Work order> Exact copy, pictures excluded: please retype the lines from the start of the material through the line containing "544 Jeter Mountain", both ends included, and nothing more.

Provided data>
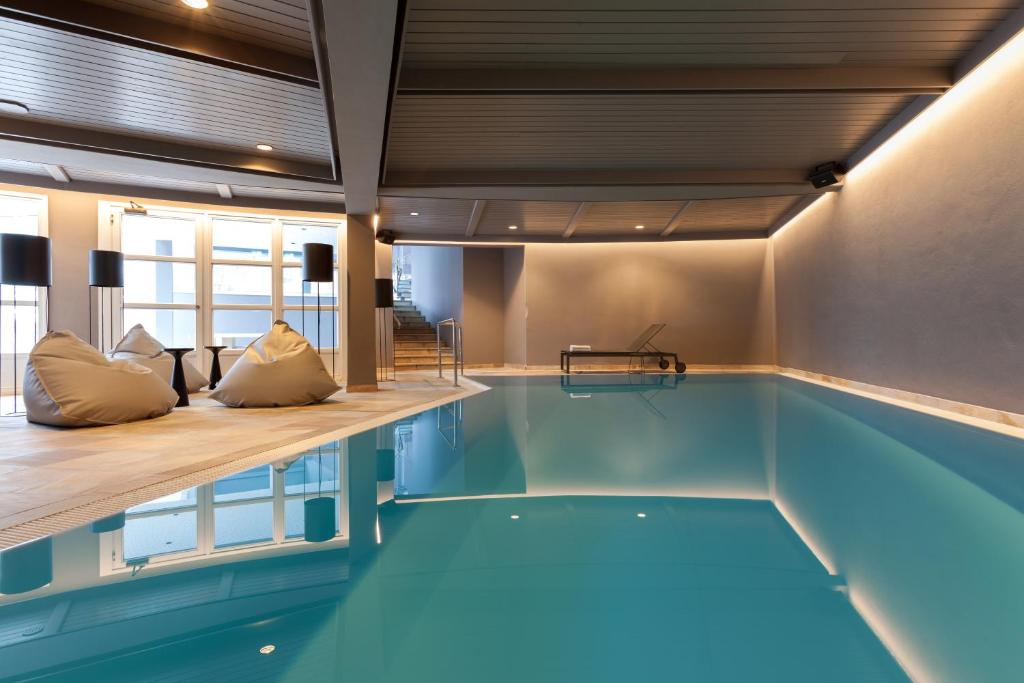 ERIKA Boutiquehotel Kitzbühelの敷地内または近くにあるプール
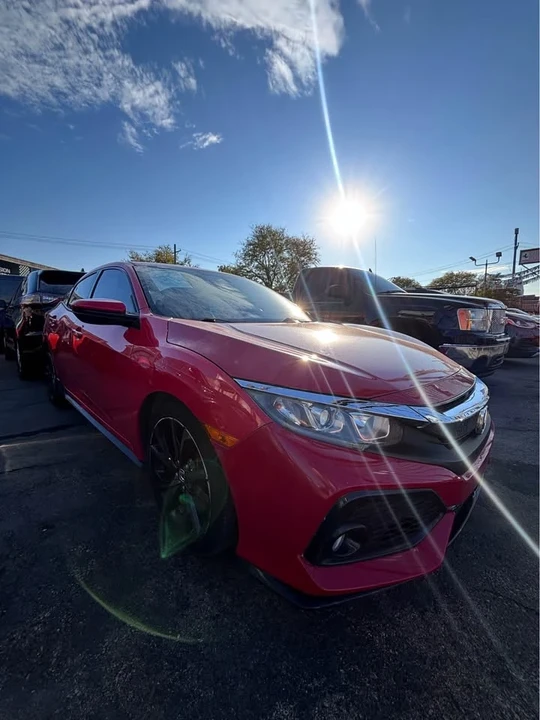 2018 Honda Civic 10th Gen - Image 5 of 5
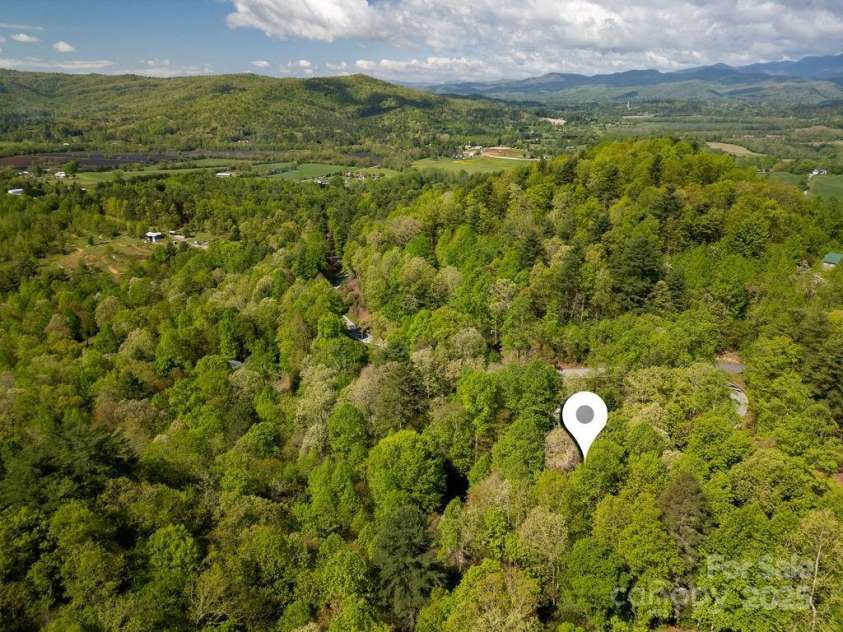 544 Jeter Mountain Road, Penrose, NC 28766.  MLS# CAR4251034, YatesRealty ID 13890. Great Central Location
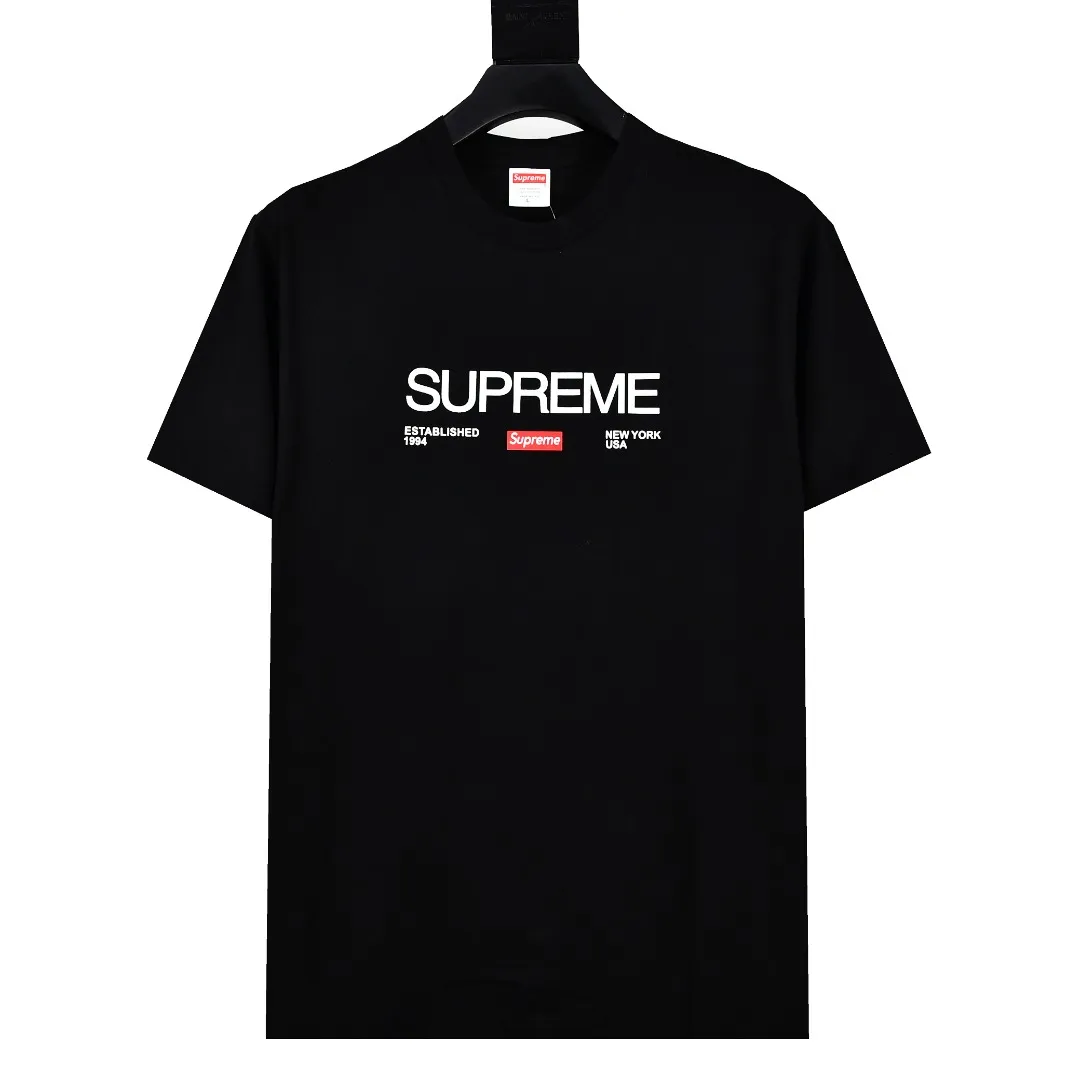 S122💰p130 top version Supreme 21FW EST 1994 letter box logo short-sleeved T-shirt using cylindrical seamless technology (the original technology has no gaps on the sides of the clothes) The fabrics are all custom-woven and dyed, 280g weight, 100% cotton, cylindrical fabric. Cylindrical fabric is knitted fabric woven with a cylinder loom. The needles are distributed in a cylindrical shape on the fuselage. The gray fabric is a large cylinder that needs to be opened and shaped before it can be used further. There are no slits on the side of the clothes, so there is no washing label on the side of ordinary short-sleeves. There is only one collar label behind the neck. The printing is printed with thermosetting ink, also known as plastic. Ink, or self-adhesive ink, contains ingredients: mainly composed of polyvinyl chloride (PVC) and phthalates. PVC and phthalates, fixatives, stabilizers, and thickeners are mixed to form a thermal ink. Solid ink is not the digital direct printing advertised on the market. The printing texture of thermoset ink is something that digital direct printing cannot achieve. The collar label has a watermark anti-counterfeiting effect, a real anti-counterfeiting layer, a probability of passing the version, and a high probability of passing the original packaging picture. Size：S-XL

Problem solution>
 ERIKA Boutiquehotel Kitzbühelの敷地内または近くにあるプール
 2018 Honda Civic 10th Gen - Image 5 of 5
 544 Jeter Mountain Road, Penrose, NC 28766.  MLS# CAR4251034, YatesRealty ID 13890. Great Central Location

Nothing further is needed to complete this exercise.